Description of the task: From the material below, set down exactly the lines that run from the one containing "Sandra Arroyo Salgado. (DyN)." to the one containing "IKEAのピンコネクタータイプTRÅDFRIのGU10の画像", minus the pictures.

Supplied records:
╔══

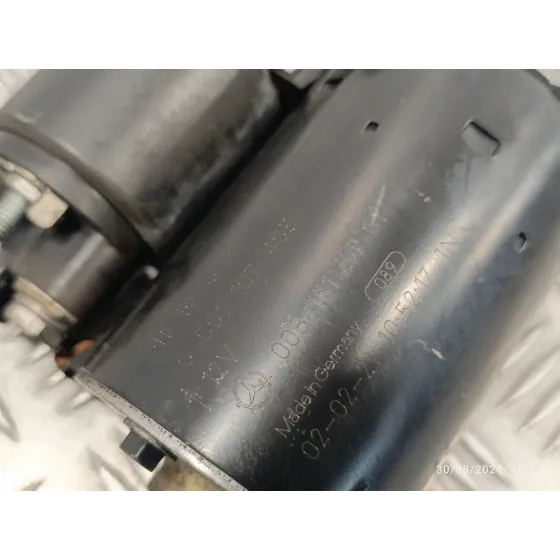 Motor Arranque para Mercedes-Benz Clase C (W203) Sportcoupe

╚══
╔══

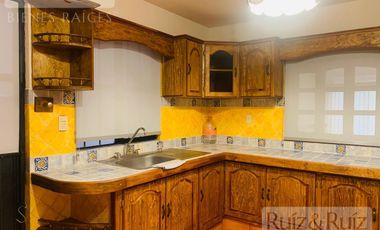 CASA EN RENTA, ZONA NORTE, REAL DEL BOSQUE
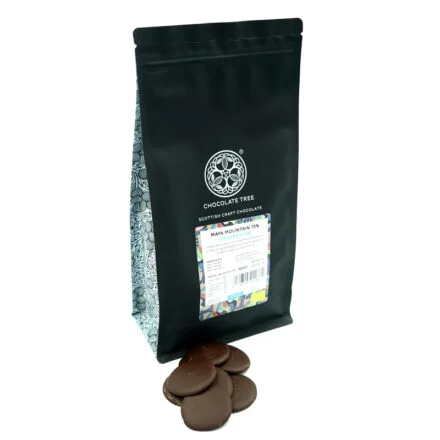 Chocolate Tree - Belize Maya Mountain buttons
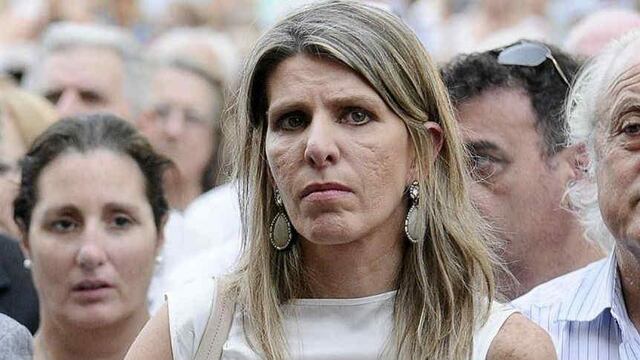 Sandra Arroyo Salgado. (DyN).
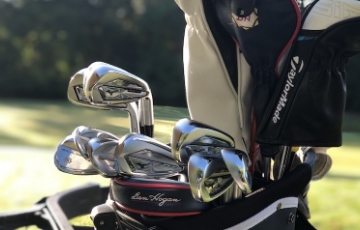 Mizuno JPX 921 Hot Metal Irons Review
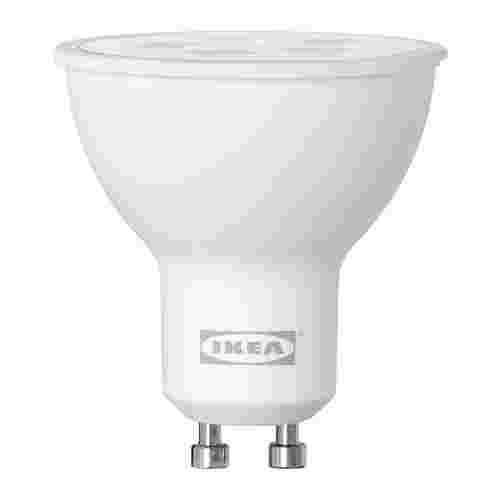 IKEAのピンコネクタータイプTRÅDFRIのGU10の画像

╚══

Worked solution:
 Sandra Arroyo Salgado. (DyN).
 Mizuno JPX 921 Hot Metal Irons Review
 IKEAのピンコネクタータイプTRÅDFRIのGU10の画像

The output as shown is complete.